Nel frattempo uno scritto del ribelle di Arcola apparso sull' Iconoclasta! e imbevuto di poetiche visioni, inneggiante ad un individualismo spinto all'estremo, all'amore per l'eccesso, per il peccato, per le prostitute e così via, provocava la dura reazione, sotto forma di intervento sul giornale, dell'anarchico Camillo Berneri che invece privilegiava l'anarcosindacalismo, la sollevazione delle folle armate, il comunismo libertario, la fiducia nelle scienze umanistiche ed una visione molto classica del ruolo della donna e dell'uomo, anche all'interno di un sistema libertario.
Ne seguì una piccola querelle che ben presto si inasprì nei toni trasformandosi in sfilza di insulti senza che nessuno riuscisse a prevalere, prima di venir stroncata dallo stesso direttore del giornale.

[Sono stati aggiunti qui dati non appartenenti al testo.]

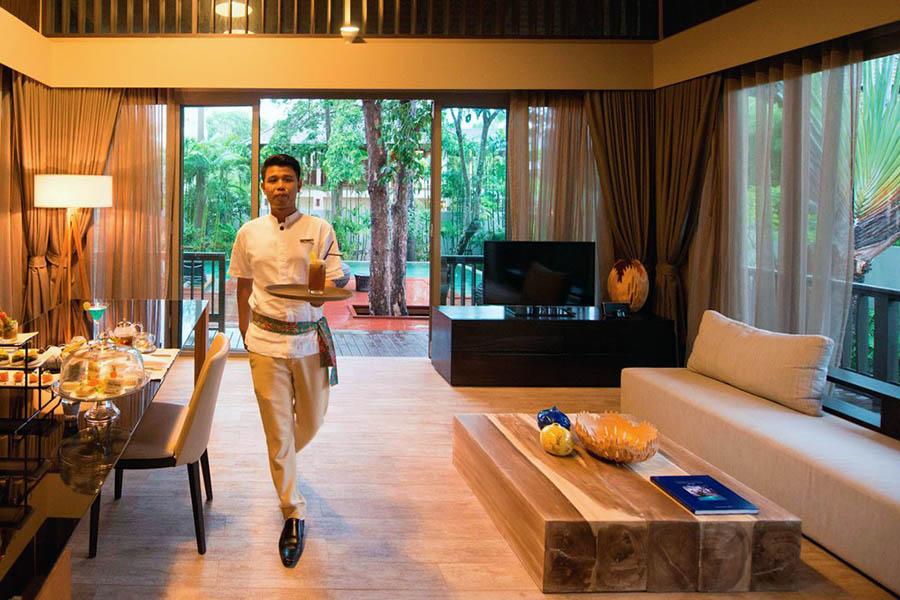 La Maison comes with a complete with its own butler and extremely spacious private pool 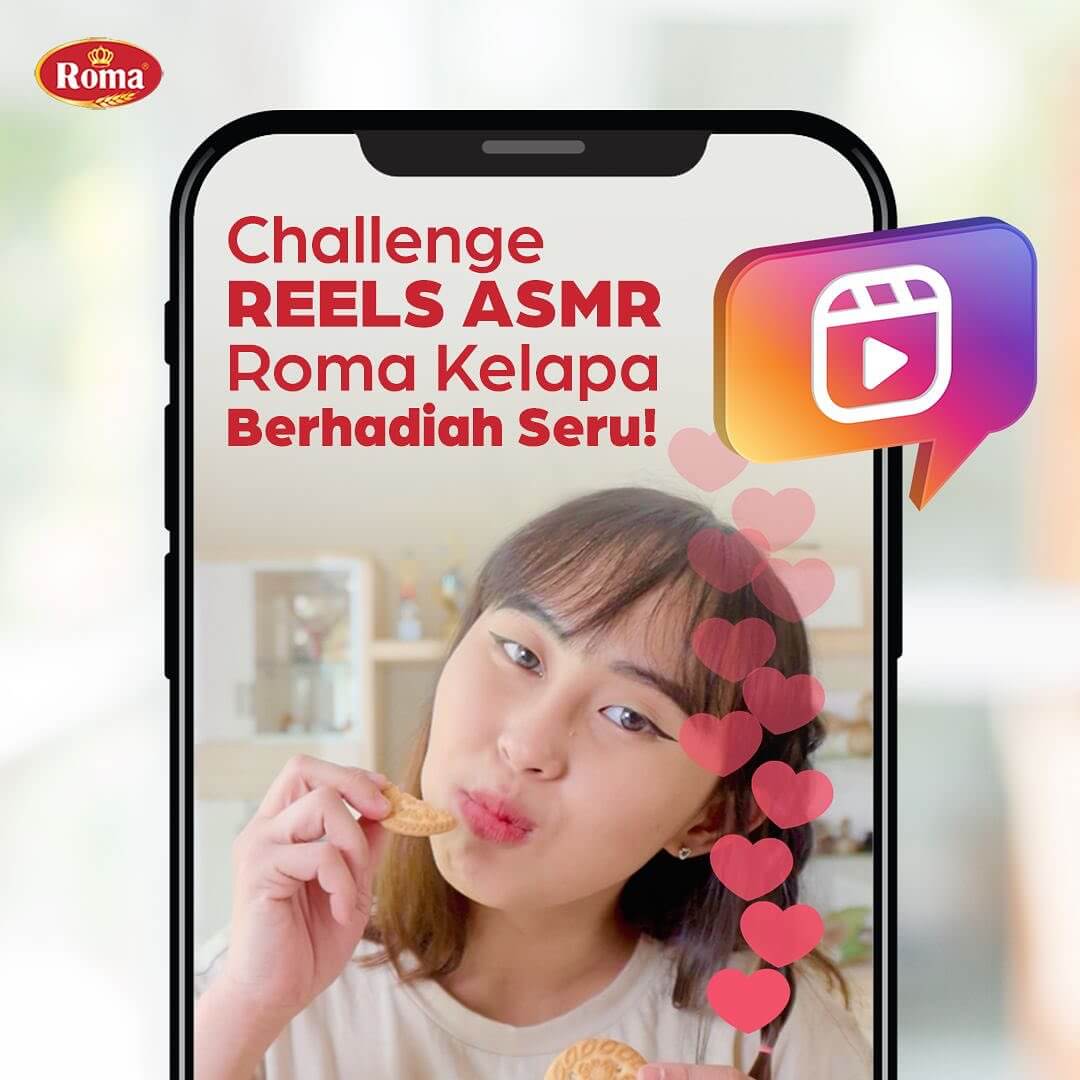 Challenge Reels ASRM Roma Kelapa Berhadiah Seru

Nel settembre 1920 il malcontento e la miseria dovuta agli strascichi della Grande Guerra, erano all'apice. Questo sentimento di sfiducia reciproca tra proletariato e ceti medi era inoltre acuito dall'indifferenza e dal malgoverno della classe dirigente italiana. Grande irrequietezza regnava tra i lavoratori industriali che vedevano sempre più sminuito il loro ruolo sociale. I loro diritti, anziché aumentare, rimanevano cristallizzati in una situazione svantaggiata rispetto ai loro colleghi europei. I reduci di guerra erano avviliti dal pugno di mosche col quale il loro grande sforzo era stato ricompensato dal governo. La sinistra riformista e parlamentare temporeggiava invocando leggi e decreti, le parole di rivendicazione riecheggiavano e morivano nell'aria stagnante dell'aula parlamentare.
Il capitalismo in Italia non era riuscito a svilupparsi in un modo forte e intelligente come era stato per Inghilterra e Stati Uniti. Gli industriali e i banchieri statunitensi, in particolare, avevano tratto enormi guadagni dalla guerra riuscendo a sfruttare al meglio la situazione di crisi per lucrare ed azzerare le conquiste sindacali che gli industrial workers avevano guadagnato col sangue negli anni precedenti.
Tra gli imprenditori italiani, invece, prevaleva un atteggiamento egoista e bottegaio, avido di concessioni governative ma sempre pronto a frignare contro le sottane dello Stato alla minima scintilla proletaria.
Davanti all'occupazione di molte fabbriche del Nord Italia, all'istituzione di consigli operai autogestiti, alla formazione di “guardie rosse” armate per il presidio degli scioperi e per combattere la violenza sbirresca, imprenditori ed agrari decisero di trincerarsi dietro un muro di bastoni, coltelli e baionette. La strada verso il fascismo cominciava a spianarsi.
A trent'anni, reduce da un ennesimo arresto per aver partecipato all'assalto ad una polveriera e ad una caserma della regia marina, Novatore si unì subito agli altri anarchici locali impegnati nelle sollevazioni, optando ancora una volta per concedere il suo aiuto alla causa popolare.